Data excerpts
··········

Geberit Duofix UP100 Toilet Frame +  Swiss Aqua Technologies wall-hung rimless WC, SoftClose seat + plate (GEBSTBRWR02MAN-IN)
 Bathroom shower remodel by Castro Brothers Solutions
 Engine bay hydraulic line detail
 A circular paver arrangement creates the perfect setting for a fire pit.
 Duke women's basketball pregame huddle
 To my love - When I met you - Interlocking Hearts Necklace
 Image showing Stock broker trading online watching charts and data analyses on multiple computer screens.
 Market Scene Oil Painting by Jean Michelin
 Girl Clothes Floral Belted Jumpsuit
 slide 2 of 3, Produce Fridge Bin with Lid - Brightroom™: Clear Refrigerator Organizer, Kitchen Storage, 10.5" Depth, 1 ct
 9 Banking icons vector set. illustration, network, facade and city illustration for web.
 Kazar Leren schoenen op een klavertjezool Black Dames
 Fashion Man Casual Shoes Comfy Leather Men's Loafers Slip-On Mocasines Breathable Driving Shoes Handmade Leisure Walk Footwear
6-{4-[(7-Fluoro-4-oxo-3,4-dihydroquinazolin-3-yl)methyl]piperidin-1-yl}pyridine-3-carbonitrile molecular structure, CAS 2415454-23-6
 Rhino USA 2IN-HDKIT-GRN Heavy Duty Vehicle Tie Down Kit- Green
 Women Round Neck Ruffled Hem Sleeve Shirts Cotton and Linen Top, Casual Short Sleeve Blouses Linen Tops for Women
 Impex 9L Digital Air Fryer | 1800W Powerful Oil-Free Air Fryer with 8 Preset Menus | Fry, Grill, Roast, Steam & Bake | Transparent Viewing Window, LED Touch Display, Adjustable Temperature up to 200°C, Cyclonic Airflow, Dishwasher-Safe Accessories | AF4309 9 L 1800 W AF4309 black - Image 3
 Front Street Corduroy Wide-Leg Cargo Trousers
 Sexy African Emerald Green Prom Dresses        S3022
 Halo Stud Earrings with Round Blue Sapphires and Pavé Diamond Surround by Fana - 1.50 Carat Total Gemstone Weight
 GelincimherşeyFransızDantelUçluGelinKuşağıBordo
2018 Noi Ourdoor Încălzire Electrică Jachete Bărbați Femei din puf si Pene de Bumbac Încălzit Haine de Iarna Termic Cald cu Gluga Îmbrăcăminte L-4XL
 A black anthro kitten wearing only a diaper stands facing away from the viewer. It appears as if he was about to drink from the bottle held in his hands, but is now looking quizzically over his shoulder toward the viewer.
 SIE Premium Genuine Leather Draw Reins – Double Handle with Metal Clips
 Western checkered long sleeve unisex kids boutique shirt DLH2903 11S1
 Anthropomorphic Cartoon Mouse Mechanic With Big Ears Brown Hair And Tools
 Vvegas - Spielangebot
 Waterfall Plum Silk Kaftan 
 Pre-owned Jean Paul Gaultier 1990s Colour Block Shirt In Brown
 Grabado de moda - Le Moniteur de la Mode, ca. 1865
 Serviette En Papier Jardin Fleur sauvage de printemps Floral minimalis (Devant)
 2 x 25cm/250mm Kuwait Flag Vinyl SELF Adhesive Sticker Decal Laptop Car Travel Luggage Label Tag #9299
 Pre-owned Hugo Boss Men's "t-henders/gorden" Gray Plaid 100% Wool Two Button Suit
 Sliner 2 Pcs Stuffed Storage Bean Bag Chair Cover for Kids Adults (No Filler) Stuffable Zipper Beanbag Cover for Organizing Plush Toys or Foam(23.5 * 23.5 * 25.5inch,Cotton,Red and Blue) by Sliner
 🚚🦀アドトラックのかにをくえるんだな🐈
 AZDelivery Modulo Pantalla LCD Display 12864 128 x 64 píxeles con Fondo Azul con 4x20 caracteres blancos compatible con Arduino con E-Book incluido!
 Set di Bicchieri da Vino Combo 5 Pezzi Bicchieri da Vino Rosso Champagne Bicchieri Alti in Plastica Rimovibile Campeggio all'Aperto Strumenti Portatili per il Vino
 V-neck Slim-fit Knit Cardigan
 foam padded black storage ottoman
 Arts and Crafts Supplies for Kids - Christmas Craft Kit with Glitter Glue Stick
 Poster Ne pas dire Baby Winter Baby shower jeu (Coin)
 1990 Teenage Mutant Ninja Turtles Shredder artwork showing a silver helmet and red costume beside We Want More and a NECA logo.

··········

→ To do: Please filter the data down to the lines containing the word "Casual".

→ Response to the task:
 Fashion Man Casual Shoes Comfy Leather Men's Loafers Slip-On Mocasines Breathable Driving Shoes Handmade Leisure Walk Footwear
 Women Round Neck Ruffled Hem Sleeve Shirts Cotton and Linen Top, Casual Short Sleeve Blouses Linen Tops for Women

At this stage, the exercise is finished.